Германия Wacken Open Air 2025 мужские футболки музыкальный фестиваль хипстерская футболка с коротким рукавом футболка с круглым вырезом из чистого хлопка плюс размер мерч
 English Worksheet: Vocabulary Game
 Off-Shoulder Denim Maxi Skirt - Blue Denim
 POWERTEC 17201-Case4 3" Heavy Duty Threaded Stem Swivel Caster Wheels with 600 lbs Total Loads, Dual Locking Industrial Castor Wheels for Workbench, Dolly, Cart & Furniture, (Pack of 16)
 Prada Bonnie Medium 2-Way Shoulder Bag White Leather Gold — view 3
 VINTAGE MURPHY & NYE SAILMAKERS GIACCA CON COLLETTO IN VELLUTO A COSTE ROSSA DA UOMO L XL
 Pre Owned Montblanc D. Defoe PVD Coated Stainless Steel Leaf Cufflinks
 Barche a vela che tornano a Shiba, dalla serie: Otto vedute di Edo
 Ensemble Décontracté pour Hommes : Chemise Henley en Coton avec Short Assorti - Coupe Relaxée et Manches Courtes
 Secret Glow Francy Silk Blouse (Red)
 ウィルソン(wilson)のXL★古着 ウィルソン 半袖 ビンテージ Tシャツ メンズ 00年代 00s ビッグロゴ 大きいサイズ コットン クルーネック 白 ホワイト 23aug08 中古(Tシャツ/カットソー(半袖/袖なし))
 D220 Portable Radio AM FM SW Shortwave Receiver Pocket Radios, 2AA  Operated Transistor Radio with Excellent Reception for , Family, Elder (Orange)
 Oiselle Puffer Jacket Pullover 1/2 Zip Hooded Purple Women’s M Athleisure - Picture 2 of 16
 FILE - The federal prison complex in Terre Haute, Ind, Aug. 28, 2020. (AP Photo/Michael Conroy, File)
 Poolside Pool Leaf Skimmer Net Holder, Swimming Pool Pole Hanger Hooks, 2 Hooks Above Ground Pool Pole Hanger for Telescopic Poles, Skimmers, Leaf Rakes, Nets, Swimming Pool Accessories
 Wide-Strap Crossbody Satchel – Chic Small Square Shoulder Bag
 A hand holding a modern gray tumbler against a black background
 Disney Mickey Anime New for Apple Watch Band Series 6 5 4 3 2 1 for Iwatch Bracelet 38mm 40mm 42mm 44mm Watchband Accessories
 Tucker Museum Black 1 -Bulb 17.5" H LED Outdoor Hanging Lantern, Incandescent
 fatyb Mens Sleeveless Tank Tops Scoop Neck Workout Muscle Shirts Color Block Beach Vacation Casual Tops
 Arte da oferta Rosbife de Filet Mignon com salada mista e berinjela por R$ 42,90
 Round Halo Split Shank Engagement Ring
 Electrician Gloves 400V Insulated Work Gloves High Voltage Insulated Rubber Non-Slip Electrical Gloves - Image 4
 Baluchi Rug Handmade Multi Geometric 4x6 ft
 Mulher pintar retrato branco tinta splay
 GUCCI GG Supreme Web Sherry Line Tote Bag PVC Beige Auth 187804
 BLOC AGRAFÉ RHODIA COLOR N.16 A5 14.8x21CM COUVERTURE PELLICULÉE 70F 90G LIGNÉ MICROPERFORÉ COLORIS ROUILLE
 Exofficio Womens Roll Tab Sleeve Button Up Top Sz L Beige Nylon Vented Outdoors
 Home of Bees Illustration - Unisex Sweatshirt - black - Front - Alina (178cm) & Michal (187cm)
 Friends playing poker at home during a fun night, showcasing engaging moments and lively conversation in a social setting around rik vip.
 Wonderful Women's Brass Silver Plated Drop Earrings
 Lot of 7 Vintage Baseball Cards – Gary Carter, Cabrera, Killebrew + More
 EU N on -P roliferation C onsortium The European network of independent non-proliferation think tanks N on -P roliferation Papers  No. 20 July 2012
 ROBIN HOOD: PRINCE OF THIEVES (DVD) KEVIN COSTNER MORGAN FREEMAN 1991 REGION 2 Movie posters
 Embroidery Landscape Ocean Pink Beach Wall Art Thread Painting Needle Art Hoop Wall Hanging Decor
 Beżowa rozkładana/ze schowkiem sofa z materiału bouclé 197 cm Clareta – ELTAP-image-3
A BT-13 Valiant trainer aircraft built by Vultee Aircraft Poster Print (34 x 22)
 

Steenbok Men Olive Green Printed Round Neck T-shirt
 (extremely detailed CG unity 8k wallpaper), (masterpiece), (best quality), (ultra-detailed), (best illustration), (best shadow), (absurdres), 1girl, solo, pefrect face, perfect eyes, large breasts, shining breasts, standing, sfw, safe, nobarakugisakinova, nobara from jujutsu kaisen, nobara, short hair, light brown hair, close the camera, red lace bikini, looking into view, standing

• [PROBLEM REQUIREMENTS] Among the entries above, locate the lines containing "English Worksheet: Vocabulary Game" and "fatyb Mens Sleeveless", and transcribe exactly those two lines and all lines between.

• [PROBLEM SOLUTION]
 English Worksheet: Vocabulary Game
 Off-Shoulder Denim Maxi Skirt - Blue Denim
 POWERTEC 17201-Case4 3" Heavy Duty Threaded Stem Swivel Caster Wheels with 600 lbs Total Loads, Dual Locking Industrial Castor Wheels for Workbench, Dolly, Cart & Furniture, (Pack of 16)
 Prada Bonnie Medium 2-Way Shoulder Bag White Leather Gold — view 3
 VINTAGE MURPHY & NYE SAILMAKERS GIACCA CON COLLETTO IN VELLUTO A COSTE ROSSA DA UOMO L XL
 Pre Owned Montblanc D. Defoe PVD Coated Stainless Steel Leaf Cufflinks
 Barche a vela che tornano a Shiba, dalla serie: Otto vedute di Edo
 Ensemble Décontracté pour Hommes : Chemise Henley en Coton avec Short Assorti - Coupe Relaxée et Manches Courtes
 Secret Glow Francy Silk Blouse (Red)
 ウィルソン(wilson)のXL★古着 ウィルソン 半袖 ビンテージ Tシャツ メンズ 00年代 00s ビッグロゴ 大きいサイズ コットン クルーネック 白 ホワイト 23aug08 中古(Tシャツ/カットソー(半袖/袖なし))
 D220 Portable Radio AM FM SW Shortwave Receiver Pocket Radios, 2AA  Operated Transistor Radio with Excellent Reception for , Family, Elder (Orange)
 Oiselle Puffer Jacket Pullover 1/2 Zip Hooded Purple Women’s M Athleisure - Picture 2 of 16
 FILE - The federal prison complex in Terre Haute, Ind, Aug. 28, 2020. (AP Photo/Michael Conroy, File)
 Poolside Pool Leaf Skimmer Net Holder, Swimming Pool Pole Hanger Hooks, 2 Hooks Above Ground Pool Pole Hanger for Telescopic Poles, Skimmers, Leaf Rakes, Nets, Swimming Pool Accessories
 Wide-Strap Crossbody Satchel – Chic Small Square Shoulder Bag
 A hand holding a modern gray tumbler against a black background
 Disney Mickey Anime New for Apple Watch Band Series 6 5 4 3 2 1 for Iwatch Bracelet 38mm 40mm 42mm 44mm Watchband Accessories
 Tucker Museum Black 1 -Bulb 17.5" H LED Outdoor Hanging Lantern, Incandescent
 fatyb Mens Sleeveless Tank Tops Scoop Neck Workout Muscle Shirts Color Block Beach Vacation Casual Tops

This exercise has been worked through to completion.